Headline

Putusan MK dapat memicu deadlock constitutional.

Fokus

Pasukan Putih menyasar pasien dengan ketergantungan berat

Menata Lingkungan Sosial secara Holistis

Indriyani Astuti
20/10/2016 08:26
Menata Lingkungan Sosial secara Holistis
()

MENDAMBAKAN kota-kota (kabupaten) di Indonesia bersih dan teduh ialah sebuah keharusan yang bisa dicapai. Kini keinginan tersebut tidak saja monopoli kepala daerah yang akan merasa sukses memimpin daerahnya bila mendapat penghargaan Adipura. Lingkungan di mana pun warga negara tinggal haruslah manusiawi dan nyaman termasuk bagi siapa pun yang singgah ke sana dapat menikmati suasana tersebut.

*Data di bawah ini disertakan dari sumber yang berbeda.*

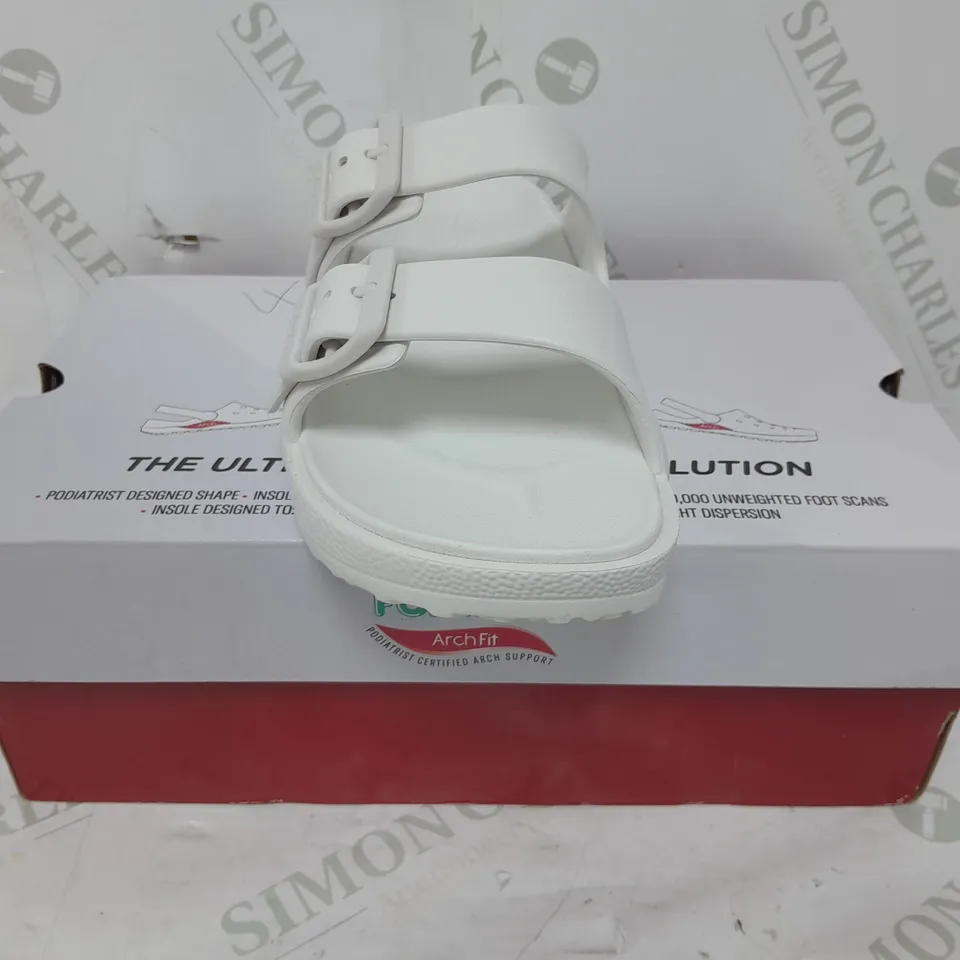 BOXED PAIR OF SKECHERS ARCH FIT FOAMIES SLIDE SANDALS IN WHITE SIZE 4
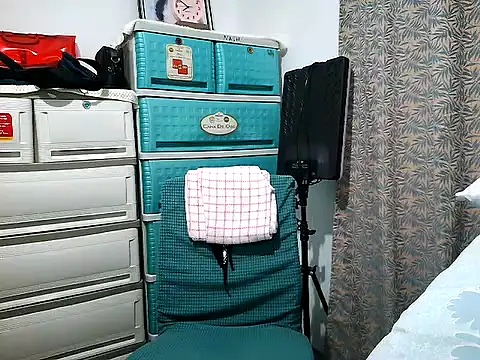 nhayasquirt stripchat live cam model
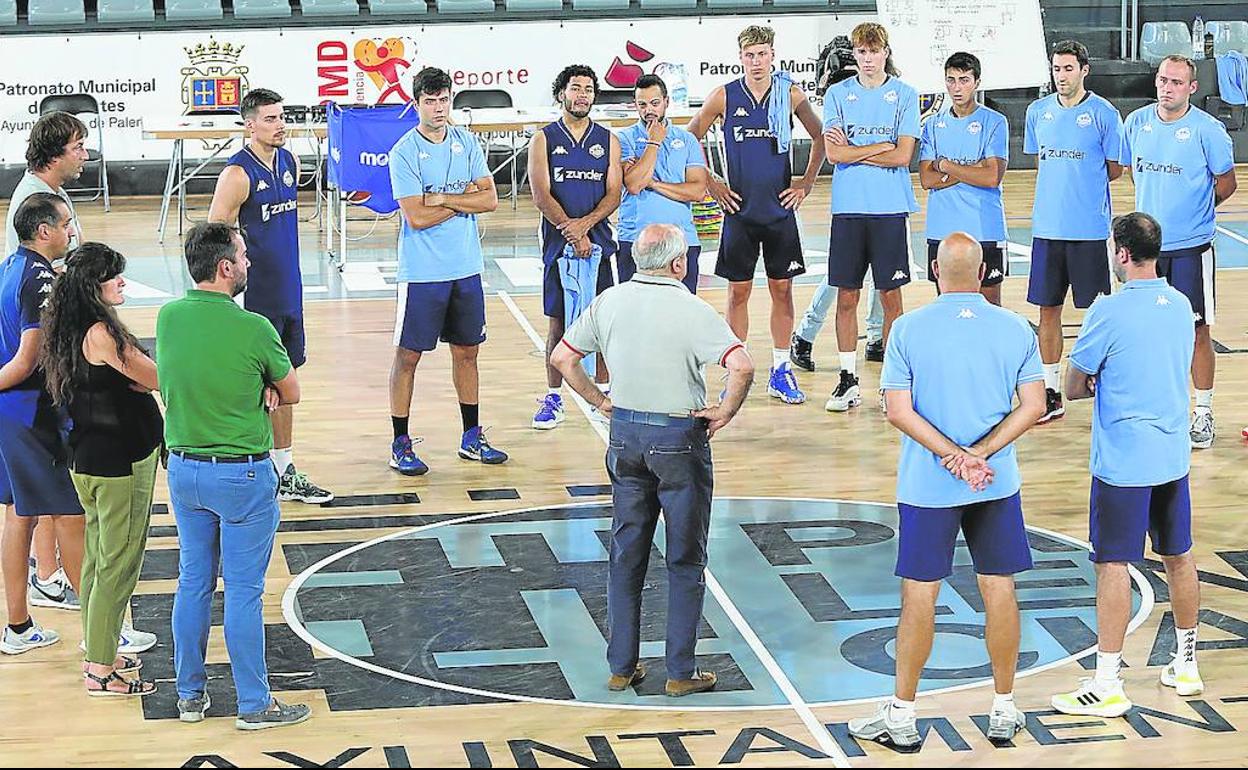 La plantilla y el cuerpo técnico del Zunder Palencia, junto con el presidente del club, ayer en el entrenamiento en el Pabellón Municipal.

Sejak 1986, pemerintah pusat, dalam hal ini Kementerian Lingkungan Hidup dan Kehutanan (LHK), mencanangkan dan mengompetisikan penghargaan Adipura bagi kabupaten/kota di Indonesia yang dinilai berhasil mengelola lingkungan dan kebersihannya. Pada lima tahun pertama, dalam sejarahnya, program Adipura difokuskan untuk mendorong kota-kota di Indonesia menjadi 'kota bersih dan teduh'.

Pengertian kota dalam penilaian Adipura bukanlah kota otonom, melainkan bisa juga bagian dari wilayah kabupaten yang memiliki karakteristik sebagai daerah perkotaan dengan batas-batas wilayah tertentu.

Kementerian LHK akan memberikan penghargaan tersebut bagi kota di Indonesia yang berhasil dalam kebersihan serta pengelolaan lingkungan perkotaan.

Dalam perkembangannya, penilaian program Adipura dilihat dari empat hal, yakni pengelolaan sampah, ruang terbuka hijau, pencemaran air, dan pencemaran udara. Pemenangnya ialah kota yang berhasil meraih total poin 74 dari empat unsur penilaian tadi.

Memasuki tahun ini, penilaian untuk penganugerahan Adipura akan lebih kompleks. Hal itu dilakukan atas pertimbangan bahwa persoalan kota tidak sebatas lingkungan tetapi juga menyangkut aspek sosial.

Menteri Lingkungan Hidup dan Kehutanan Siti Nurbaya Bakar lebih tegas menyampaikan aspek yang dinilai bagi daerah tidak hanya mengenai lingkungan, tapi juga menyangkut ekonomi, sosial, dan pemberdayaan masyarakat yang menekankan tata kelola pemerintahan daerah yang baik yang dapat mengintegrasikan aspek pembangunan berkelanjutan.

Hal itu dia tegaskan dalam rapat koordinasi Rebranding Strategy Program Adipura di Kementerian LHK, Jakarta, belum lama ini, yang dihadiri para wali kota, bupati, dan dewan penilai Adipura.

Konsep rebranding dilihat dari beberapa hal, tidak hanya nilai administratif secara fungsional dan urban area, tapi juga cakupan good environmental governance secara keseluruhan. Jadi rebranding dari strategi program Adipura akan mencakup fungsi lingkungan yang lebih luas.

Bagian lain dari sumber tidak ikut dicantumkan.